Die Schlagzeile der Zeitung Página/12 lautete damals „Lo ataron con alambres“ oder „Sie haben es mit Drähten zusammengebunden“, ein argentinisches Sprichwort, das bedeutet, dass etwas willkürlich repariert wurde.
„Journalisten können sehr grausam sein“, sagte Sidelnik. „Aber man muss bedenken, es war der zweijährige Jahrestag der Katastrophe von Tschernobyl.“
Schnitt auf 2022. Sidelnik hatte „völliges Vertrauen“ in sein Team. „Wir haben Atucha I unter schlechteren Bedingungen repariert. Jetzt kennen wir den Reaktor bereits.“
Durch die Intervention mehrerer Unternehmensbereiche und von J1 Pumps (einem kleinen lokalen Unternehmen in Buenos Aires) wurden alle zur Durchführung des Verfahrens erforderlichen Werkzeuge im eigenen Haus entwickelt – einschließlich des Schneidwerkzeugs, der Schneidbasis, des Spannwerkzeugs, des Greifers und eines Korbs Platzieren und entfernen Sie das Teil sowie ein Beleuchtungs- und Sichtgerät zur Überwachung des Manövers. Außerdem mussten sie ein Werkzeug entwickeln, um die drei anderen Stützen präventiv zu verschweißen, damit sie sich nicht lösen.
„Viele der Werkzeuge, die wir im Jahr 1988 gebaut haben, bildeten die Grundlage für die Entwicklung der Werkzeuge, die wir heute haben und die viel ausgefeilter sind“, sagte Sidelnik. Beispielsweise wurde das Frühwarnsystem, das sie vor der Störung im letzten Jahr warnte, nach diesem Vorfall erstellt, und das gleiche damals gebaute Modellmodell wurde für die Ausbildung der „Fischer“ im Jahr 2023 verwendet.
„Das zeigt, dass Maschinen tun, was sie tun wollen und wann sie es wollen“, sagte Nucleoeléctrica-Präsident José Luis Antúnez gegenüber dem Herald. „Aber ich wusste immer, dass wir es lösen würden.“
Für Antúnez ist der Besitz von Kernenergie in einem Land wie Argentinien ein Akt der Souveränität.
„Wir beherrschen die Technologie der drei Kraftwerke, eines durch Kauf – die kanadische CANDU-Technologie in Embalse wurde zusammen mit dem Kraftwerk gekauft und wir können sie im Staatsgebiet so oft nutzen, wie wir wollen – und die anderen Kraftwerke.“ fiel uns automatisch in die Hände, weil die Nuklearabteilung von Siemens verschwand und Nucleoeléctrica die Designhoheit übernahm“, sagte er dem Herald.

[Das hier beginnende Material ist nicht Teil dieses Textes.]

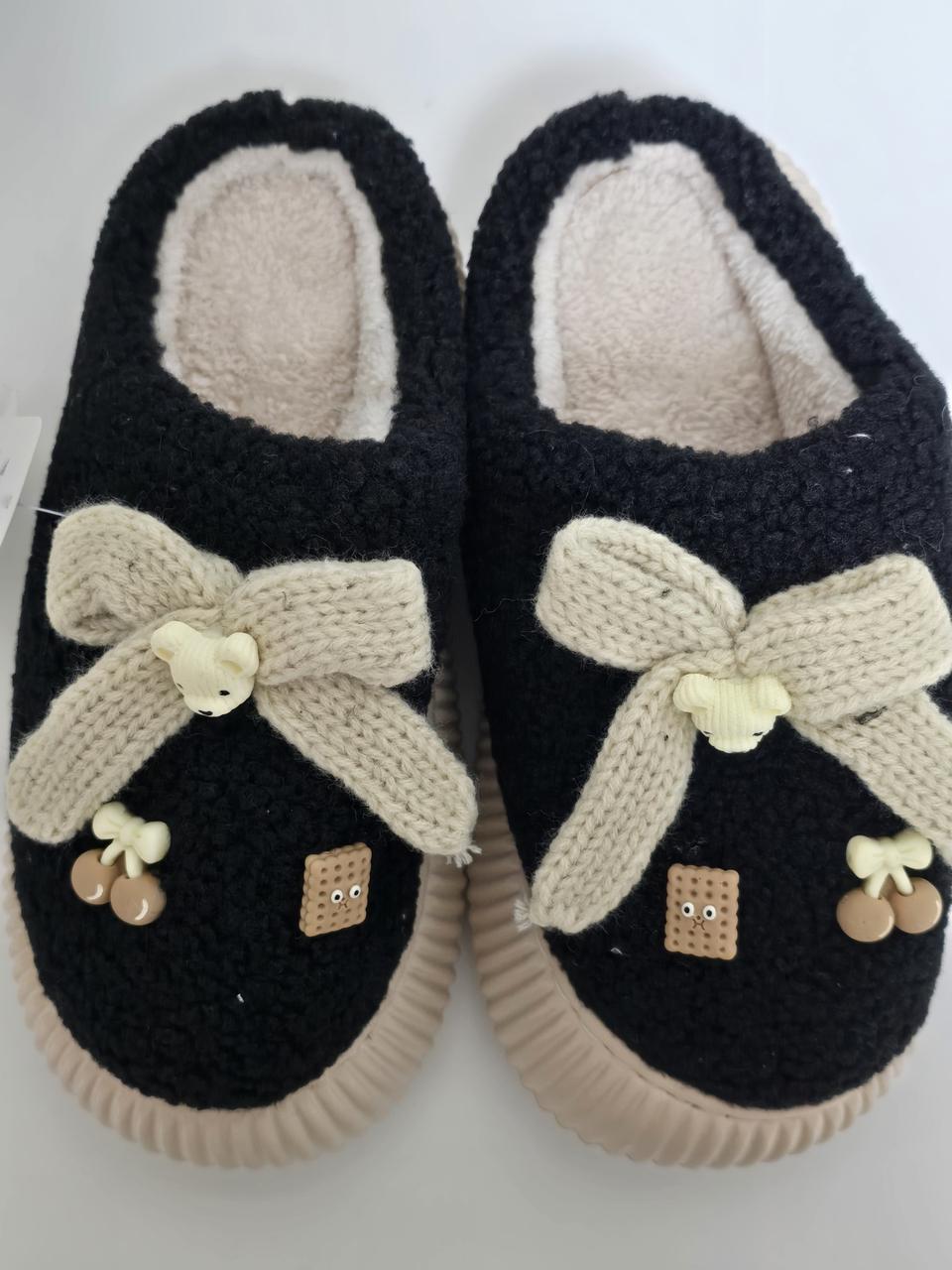 귀여운 검정 털 리본 슬리퍼 L  새상품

„Kernenergie ist auch ein wesentlicher Baustein für die Dekarbonisierung der Atmosphäre, wir stoßen kein Gramm Kohlendioxid aus.“
Endlich war der Tag gekommen. Am 22. Juni wurden Saugnäpfe in den Reaktor eingesetzt und damit der Separator bewegt und für das Schneiden vorbereitet. Anschließend wurde das Funkenerodierwerkzeug eingesetzt. Das Schneiden dauerte zwei Wochen, dann nahm der Greifer die Stücke und legte sie zur Entnahme aus dem Reaktor in den Korb.
Der nächste Schritt bestand darin, die verbleibenden Separatoren zu verschweißen, um zu verhindern, dass ihnen dasselbe passiert.
Am 28. August 2023 um 21:00 Uhr war Atucha II endlich wieder online.